DATA FOR PROCESSING:
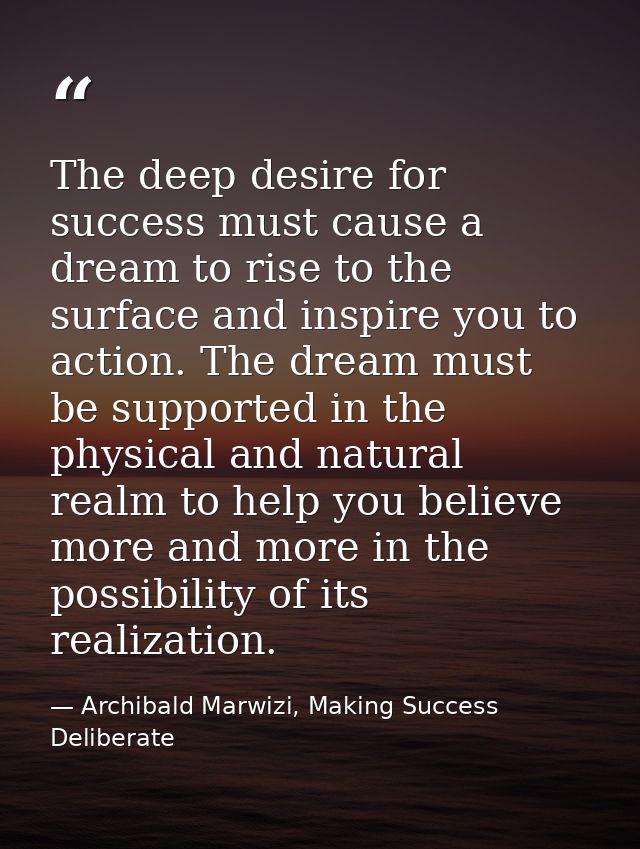 The deep desire for success must cause a dream to rise to the surface and inspire you to action. The dream must be suppo — Archibald Marwizi, Making Success Deliberate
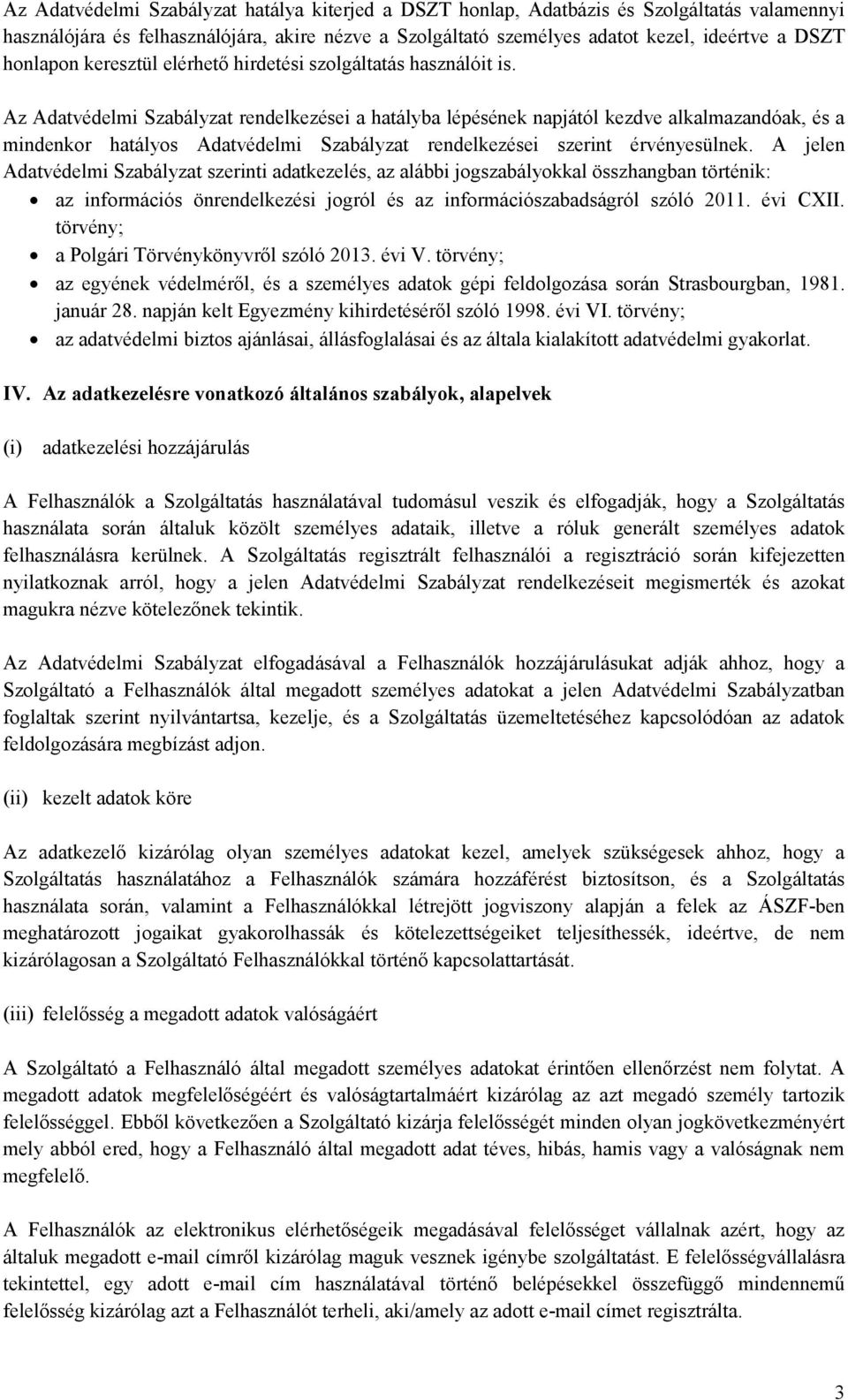 Az Adatvédelmi Szabályzat rendelkezései a hatályba lépésének napjától kezdve alkalmazandóak, és a mindenkor hatályos Adatvédelmi Szabályzat rendelkezései szerint érvényesülnek.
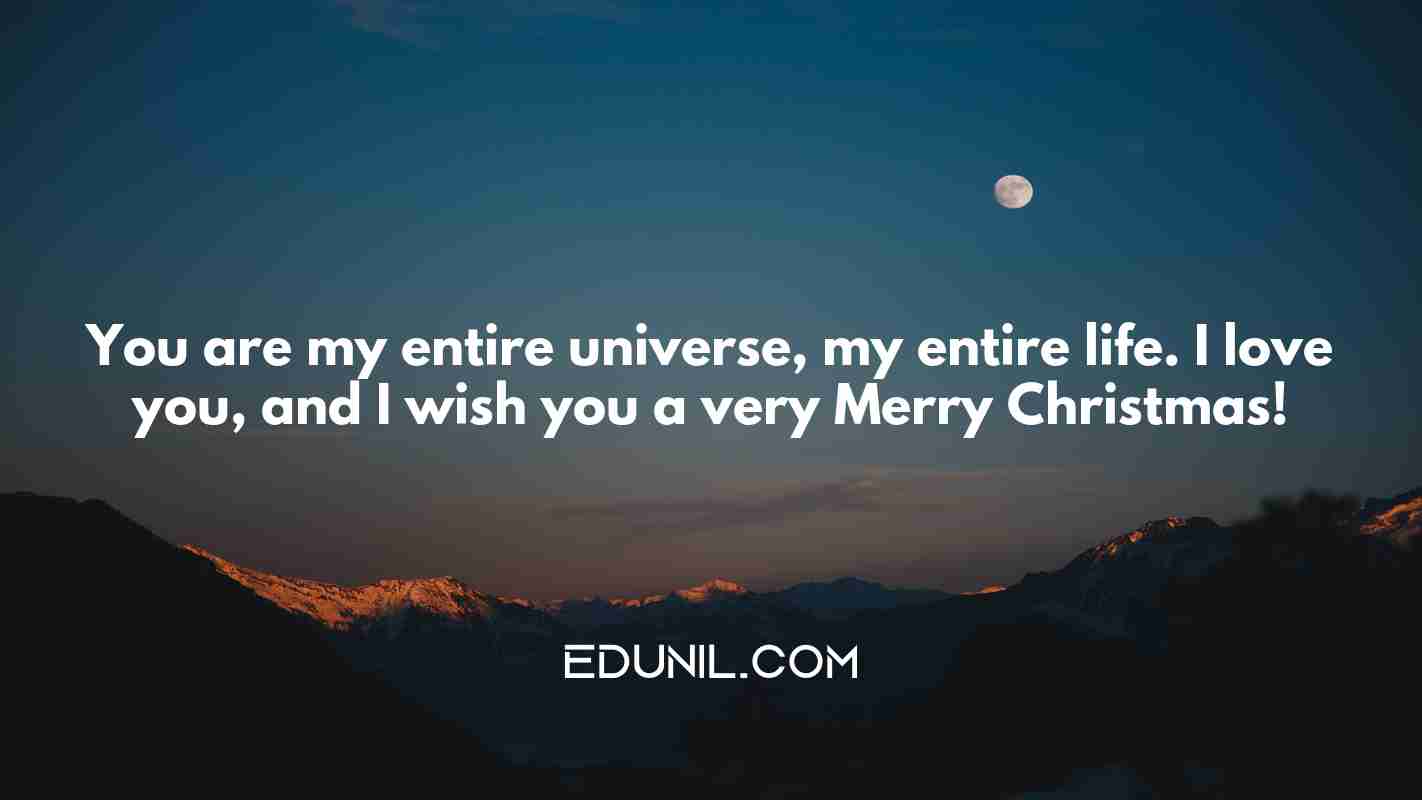 You are my entire universe, my entire life. I love you, and I wish you a very Merry Christmas! - 
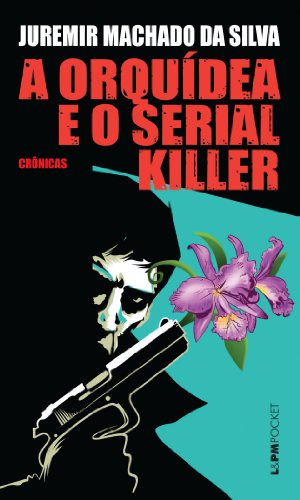 Libro Orquidea E O Serial Killer A Bolso De Silva Juremir Ma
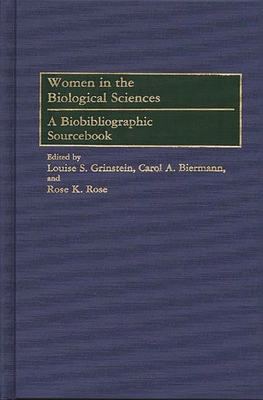 Women in the Biological Sciences: A Biobibliogr... 0313291802 Book Cover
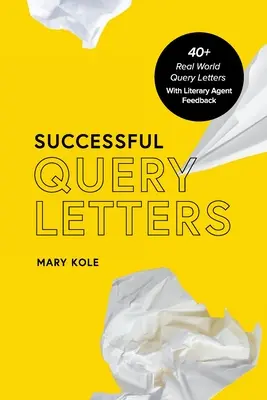 Scrisori de solicitare de succes: 40+ Scrisori de solicitare din lumea reală cu feedback de la agenții literari - Successful Query Letters: 40+ Real World Query Letters With Literary Agent Feedback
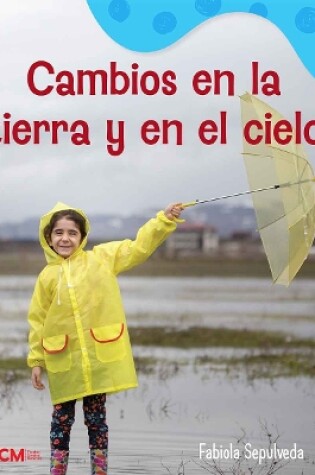 Cover of Cambios en la tierra y en el cielo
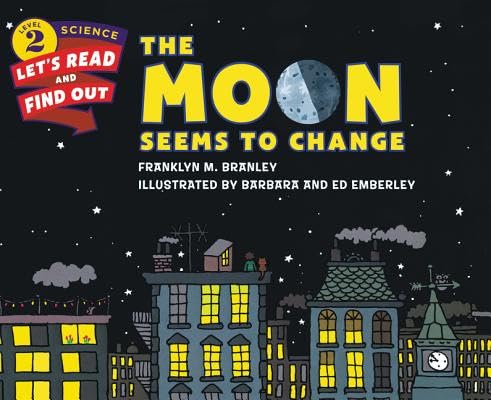 The Moon Seems to Change (Let's-Read-and-Find-Out Science 2) Business & Technology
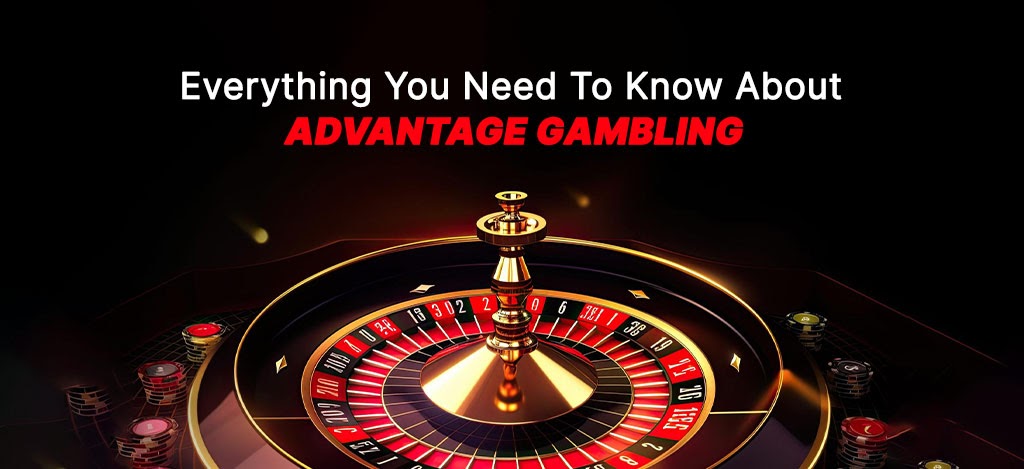 Everything You Need To Know About Advantage Gambling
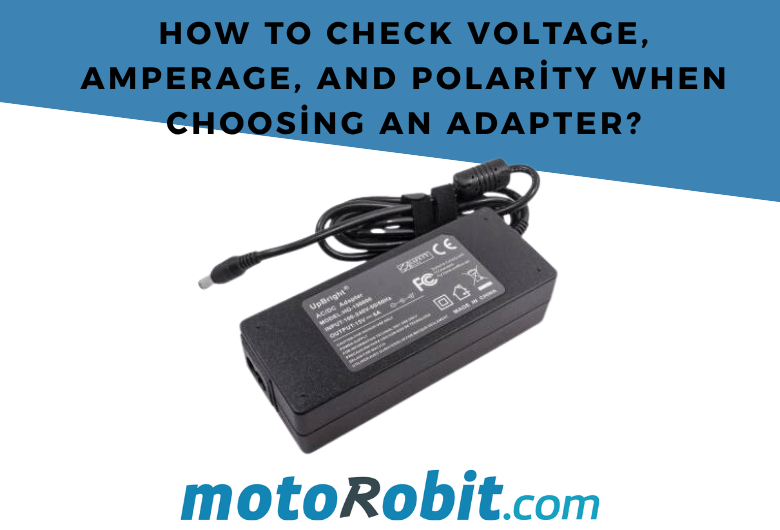 How to Check Voltage, Amperage, and Connector Polarity When Choosing an Adapter?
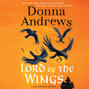 Lord of the Wings - A Meg Langslow Mystery 18 (Unabridged)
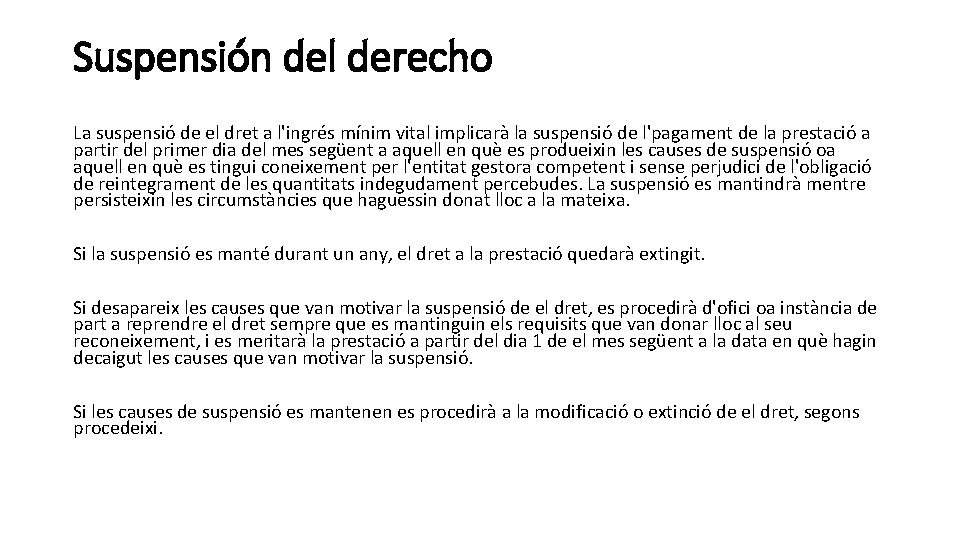 Suspensión del derecho La suspensió de el dret a l'ingrés mínim vital implicarà la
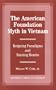 The American Foundation Myth in Vietnam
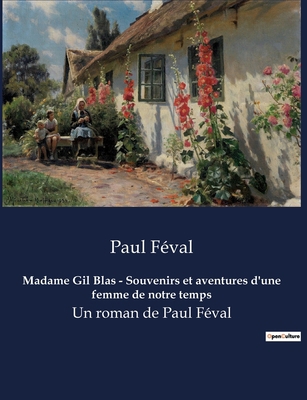 Madame Gil Blas - Souvenirs et aventures d'une ... [French] B0BVDB32FK Book Cover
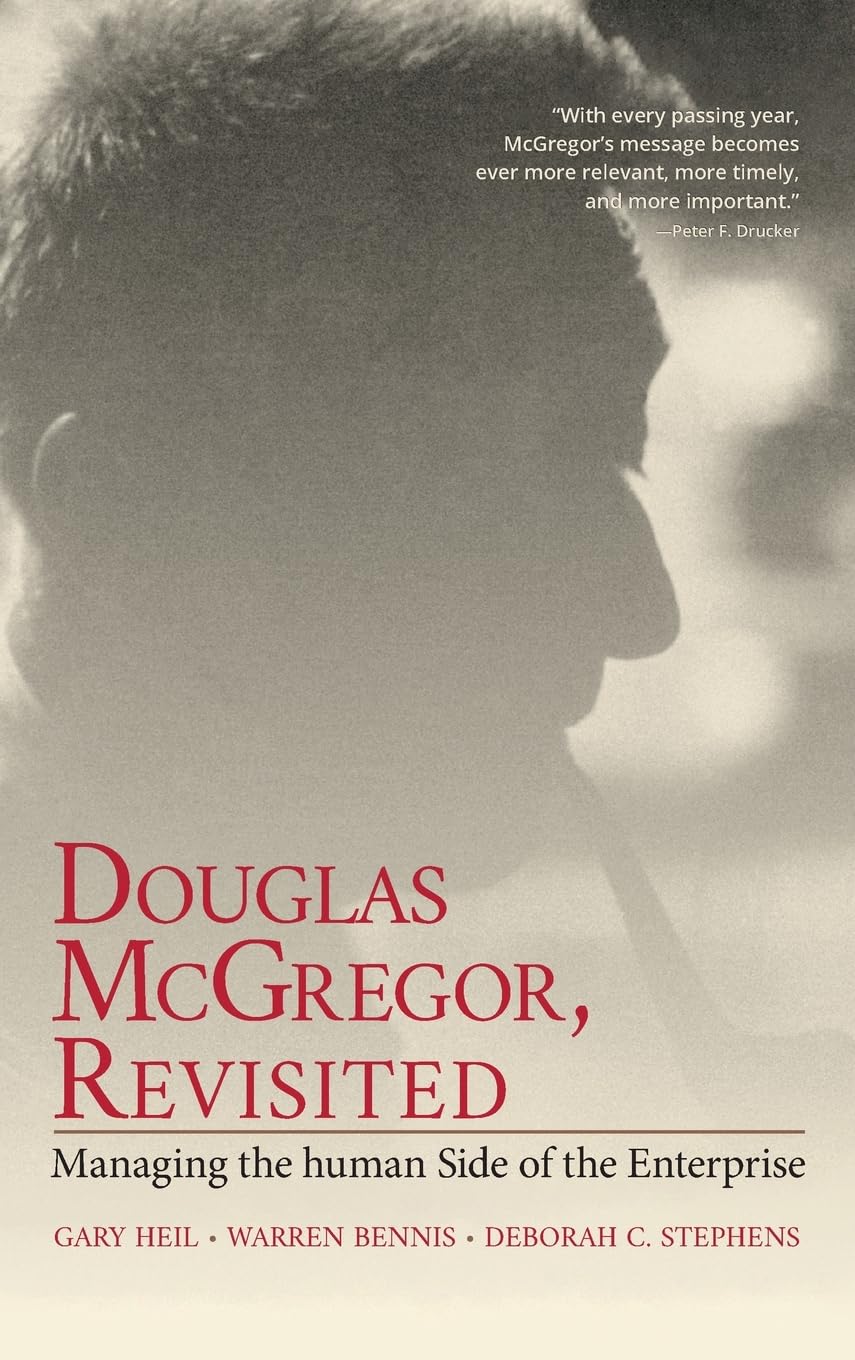 Douglas McGregor, Revisited: Managing the Human Side of the Enterprise Law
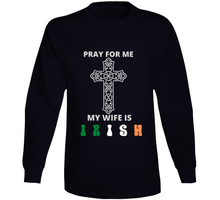 Pray For Me Long Sleeve T Shirt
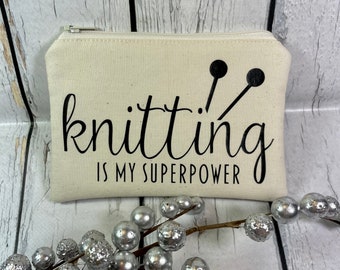 Zipper Pouch for Knitting, Crochet, Sewing and Craft Notions, Knitting is My Superpower, Gift Idea for Knitter, Gadget or Cosmetics Case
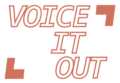 voiceitout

WHAT IS REQUIRED: Would you give the material back exactly, minus the pictures?

PROBLEM SOLUTION:
 The deep desire for success must cause a dream to rise to the surface and inspire you to action. The dream must be suppo — Archibald Marwizi, Making Success Deliberate
 Az Adatvédelmi Szabályzat rendelkezései a hatályba lépésének napjától kezdve alkalmazandóak, és a mindenkor hatályos Adatvédelmi Szabályzat rendelkezései szerint érvényesülnek.
 You are my entire universe, my entire life. I love you, and I wish you a very Merry Christmas! - 
 Libro Orquidea E O Serial Killer A Bolso De Silva Juremir Ma
 Women in the Biological Sciences: A Biobibliogr... 0313291802 Book Cover
 Scrisori de solicitare de succes: 40+ Scrisori de solicitare din lumea reală cu feedback de la agenții literari - Successful Query Letters: 40+ Real World Query Letters With Literary Agent Feedback
 Cover of Cambios en la tierra y en el cielo
 The Moon Seems to Change (Let's-Read-and-Find-Out Science 2) Business & Technology
 Everything You Need To Know About Advantage Gambling
 How to Check Voltage, Amperage, and Connector Polarity When Choosing an Adapter?
 Lord of the Wings - A Meg Langslow Mystery 18 (Unabridged)
 Suspensión del derecho La suspensió de el dret a l'ingrés mínim vital implicarà la
 The American Foundation Myth in Vietnam
 Madame Gil Blas - Souvenirs et aventures d'une ... [French] B0BVDB32FK Book Cover
 Douglas McGregor, Revisited: Managing the Human Side of the Enterprise Law
 Pray For Me Long Sleeve T Shirt
 Zipper Pouch for Knitting, Crochet, Sewing and Craft Notions, Knitting is My Superpower, Gift Idea for Knitter, Gadget or Cosmetics Case
 voiceitout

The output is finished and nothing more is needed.